Update: I noticed that some feeds weren't showing favicons even though their sites had them, and it turned out to be because the entire feed was a single line which didn't work with sed. I've changed to use perl instead.
Early last week,
Chris Shiflett tweeted about adding favicons to a planet's blogroll for sites that have them. Now I'd considered setting up
PlanetPlanet in the past, but had never gotten down to it. Since I was already in the middle of a site redesign, I figured it was a good time to start.
Setting up
planet bluesmoon was fairly straighforward. I just followed the instructions in the INSTALL file. I was also very pleased to see that it uses the
python implementation of HTML::Template because I'm the author of the
Java implementation (Also the last Java project I worked on) and am very familiar with the syntax and tricks of the trade.

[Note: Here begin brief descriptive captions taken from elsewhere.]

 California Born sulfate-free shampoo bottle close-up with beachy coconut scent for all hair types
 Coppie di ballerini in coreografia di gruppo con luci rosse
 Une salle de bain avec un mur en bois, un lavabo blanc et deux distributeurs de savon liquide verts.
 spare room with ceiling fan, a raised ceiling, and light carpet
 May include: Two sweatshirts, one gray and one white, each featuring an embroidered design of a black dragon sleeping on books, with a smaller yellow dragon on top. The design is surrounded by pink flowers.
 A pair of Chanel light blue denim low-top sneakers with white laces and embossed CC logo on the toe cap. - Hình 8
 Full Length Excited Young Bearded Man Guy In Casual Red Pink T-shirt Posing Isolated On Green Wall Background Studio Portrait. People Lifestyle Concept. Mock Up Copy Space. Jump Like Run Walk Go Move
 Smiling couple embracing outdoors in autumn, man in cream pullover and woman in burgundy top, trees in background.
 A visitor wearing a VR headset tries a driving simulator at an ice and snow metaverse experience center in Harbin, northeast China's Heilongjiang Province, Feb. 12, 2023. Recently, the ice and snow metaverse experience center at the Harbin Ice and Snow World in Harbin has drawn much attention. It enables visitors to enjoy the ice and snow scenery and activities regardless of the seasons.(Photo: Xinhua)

Once set up, I went back to Chris' site since he'd also mentioned that he'd be posting his
favicon code on github. Unfortunately, at this time, the only thing there is the README file, and well, patience is not one of my virtues, so I decided to write my own.
One advantage that I did have though, was Chris' tweets about the process which made a note of all the problems he ran into.
I ended up with
this shell script that does a fairly good job, and can be run through cron (although I don't do that). It's made to specifically work with planet's
config.ini
file, and edits the file in-place to add the icon code. This is how it works
Translating feed URL to favicon URL
This code pulls out all feed URLs from the file. I'm assuming here that they're all http(s) URLs.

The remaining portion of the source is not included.